Claude: "I added comments and helper functions for better readability..."

This happens constantly. AI assistants tend toward verbosity by default. They add comments, expand logic, create extra helper functions, and somehow end up with more code than you started with.

Vague prompts like “make this cleaner” or “refactor this” produce unpredictable results. Sometimes you get cleaner code. Sometimes you get a code novel.
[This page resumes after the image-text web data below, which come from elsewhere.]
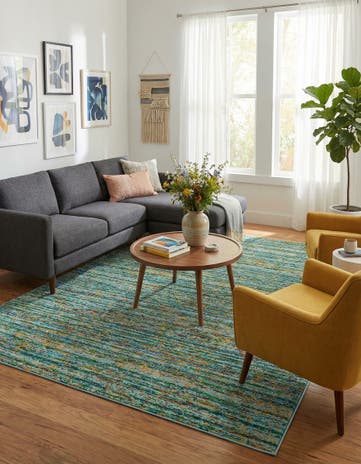 Aqua Calypso Rug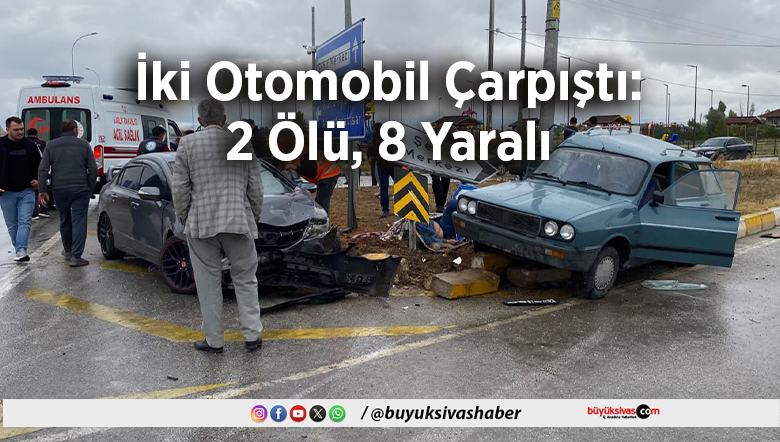 İki Otomobil Çarpıştı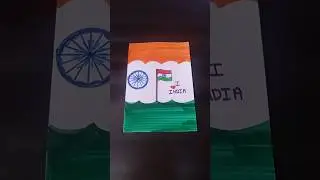 Beautiful Republic Day Card #republicday #drawing  #shorts #youtubeshorts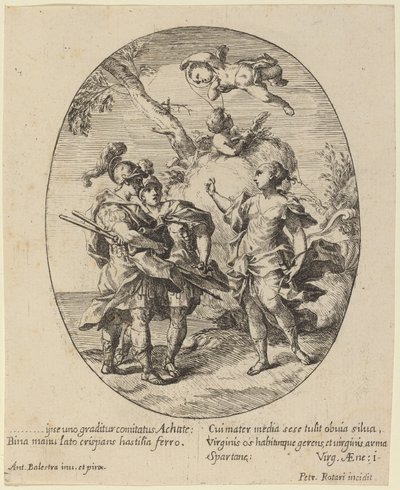 Venere appare ad Achille da Pietro Rotari after Antonio Balestra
Why AI Generates Verbose Code

Before fixing this, I needed to understand why it happens.

Training Bias

AI models learn from public codebases. And public codebases contain a lot of verbose code with extensive comments and defensive programming. The model learns that “good code” often looks like this:

verbose_example.py
def calculate_total(prices: List[float]) -> float:
"""
Calculate the total sum of all prices.
Args:
prices: A list of price values as floats.
Returns:
The total sum as a float.
Raises:
ValueError: If prices is empty.
"""
if not prices:
raise ValueError("Prices list cannot be empty")
total = 0.0
for price in prices:
if price < 0:
raise ValueError(f"Price cannot be negative: {price}")
total += price
return total

This is “good code” by many standards. But if you want concise code, the model needs different signals.

Safety Bias

Models are trained to be helpful and explicit. They explain themselves through comments and expanded logic. This is safer from the model’s perspective—better to over-explain than under-explain.
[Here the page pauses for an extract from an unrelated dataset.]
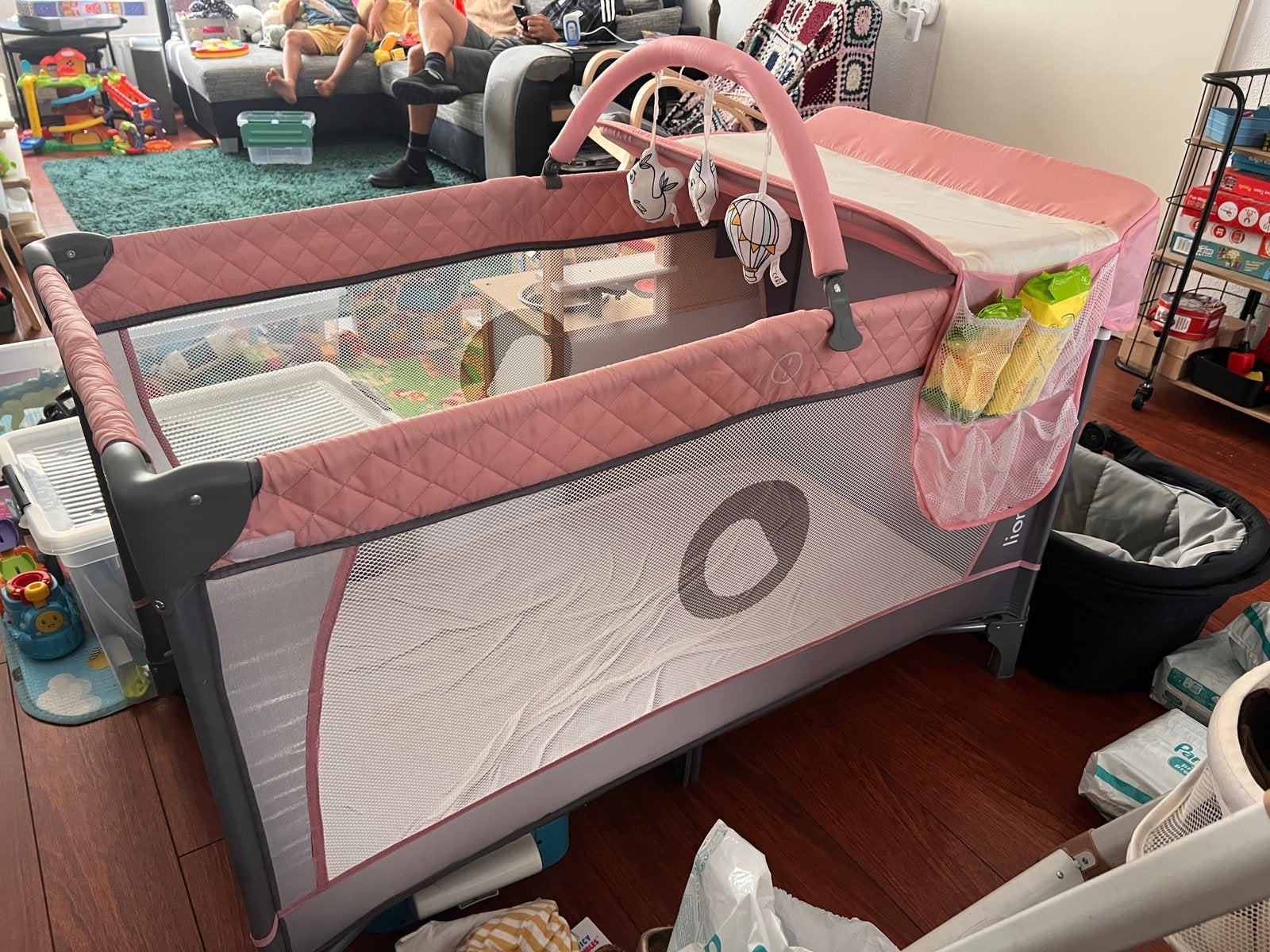 Lionelo camping baby bed, Ophalen, Zo goed als nieuw, Minder dan 140 cm, Minder dan 70 cm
No Natural Brevity Constraint

When you ask someone to “write good code,” they might think about correctness, performance, or maintainability. “Brevity” doesn’t naturally appear in that list unless you explicitly add it.

What I Tested

I ran experiments with three categories of prompts:

  1. Direct quantitative constraints - Explicit line count targets
  2. Semantic deduplication - Target the root cause of verbosity
  3. Persona-based prompts - Use character framing to trigger different evaluation patterns

Here’s what worked and what didn’t.

Category 1: Direct Quantitative Constraints

What Didn’t Work

Make this code cleaner.
Refactor this.
Improve this code.

These vague requests produced inconsistent results. Sometimes shorter, sometimes longer, always unpredictable.

What Worked

prompt-direct.txt
Reduce this code to under 30 lines while maintaining functionality.
Constraints:
- Preserve all current behavior
- Keep error handling
- No comments unless absolutely necessary

AI responds well to measurable, testable constraints. “Under 30 lines” is a clear target. The model can evaluate its own output against this criterion.

Example

Before (45 lines):

before_reduction.py
def process_user(user_id):
# Get user from database
user = db.query(User).filter(User.id == user_id).first()
if user is None:
return None
# Validate user status
if user.status != 'active':
return None
# Get user orders
orders = db.query(Order).filter(Order.user_id == user_id).all()
if orders is None:
return None
# Calculate total
total = 0
for order in orders:
total += order.amount
return {'user': user, 'orders': orders, 'total': total}
def process_product(product_id):
# Get product from database
product = db.query(Product).filter(Product.id == product_id).first()
if product is None:
return None
# Validate product status
if product.status != 'active':
return None
# Get product reviews
reviews = db.query(Review).filter(Review.product_id == product_id).all()
if reviews is None:
return None
# Calculate average rating
total_rating = 0
for review in reviews:
total_rating += review.rating
avg_rating = total_rating / len(reviews) if reviews else 0
return {'product': product, 'reviews': reviews, 'avg_rating': avg_rating}

After applying the prompt (18 lines):

after_reduction.py
def fetch_and_validate(model, item_id, status='active'):
item = db.query(model).filter(model.id == item_id).first()
return item if item and item.status == status else None
def process_user(user_id):
if not (user := fetch_and_validate(User, user_id)):
return None
orders = db.query(Order).filter(Order.user_id == user_id).all() or []
return {'user': user, 'orders': orders, 'total': sum(o.amount for o in orders)}
def process_product(product_id):
if not (product := fetch_and_validate(Product, product_id)):
return None
reviews = db.query(Review).filter(Review.product_id == product_id).all() or []
avg = sum(r.rating for r in reviews) / len(reviews) if reviews else 0
return {'product': product, 'reviews': reviews, 'avg_rating': avg}

60% reduction. Same functionality. The key was giving a specific line target.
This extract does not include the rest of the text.